I have recently implemented (Tested) OpenCL using a Struct to carry and update a C++ class object using a simple function written to the kernel and found to my dismay that the same function when processed without the kernel using a simple for loop was in fact faster.
Here is the kernel function :
__kernel void function_x_y_(__global myclass_* input,long n)
{
int gid = get_global_id(0);
if(gid<n)
input[gid].valuez = input[gid].valuey * input[gid].valuex * 8736;
}
Here is the for loop :
for(int i=0;i<100;i++){
thisclass[i].function_x_y();
}
and the class function :
void function_x_y(){
valuez = valuex * valuey;
}
I ran a clock on both process :
cout<<"Run function in serial\n";
startTime = clock();
for(int i=0;i<100;i++){
thisclass[i].function_x_y();
}
endTime = clock();
cout << "It took (serial) " << (endTime -startTime) / (CLOCKS_PER_SEC / 1000000) << " ms. " << endl;
cout<<"Run function in parallel using struct to write to object\n";
init_ocl();
startTime = clock();
load_kernel_from_struct("function_x_y_",p_struct,100); //Loads function and variables into opencl
endTime = clock();
cout << "It took (parallel) " << (endTime -startTime) / (CLOCKS_PER_SEC / 1000000 ) << " ms. " << endl;
With the output:
Run function in serial
It took (serial) 5 ms.
Run function in parallel using struct to write to object
It took (parallel) 159010 ms.
I am using the cl-helper.c by Andreas Kloecker
I dont understand this it should be faster.

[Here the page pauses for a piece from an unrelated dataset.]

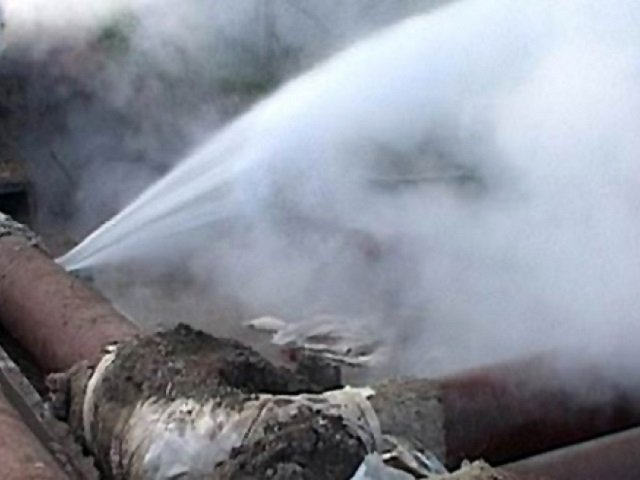 Из-за аварии на теплосетях в Березниках ухудшилось теплоснабжение более 350 домов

Any help or advice is welcome.
Is there a more accurate speed test? Could this be due to the fact that it takes time to initialise assign memory and transfer the data to the kernel?
There must be a way to ensure that this works faster could it be that I must transfer and initialise everything before running the function?
Thanks, Hbyte.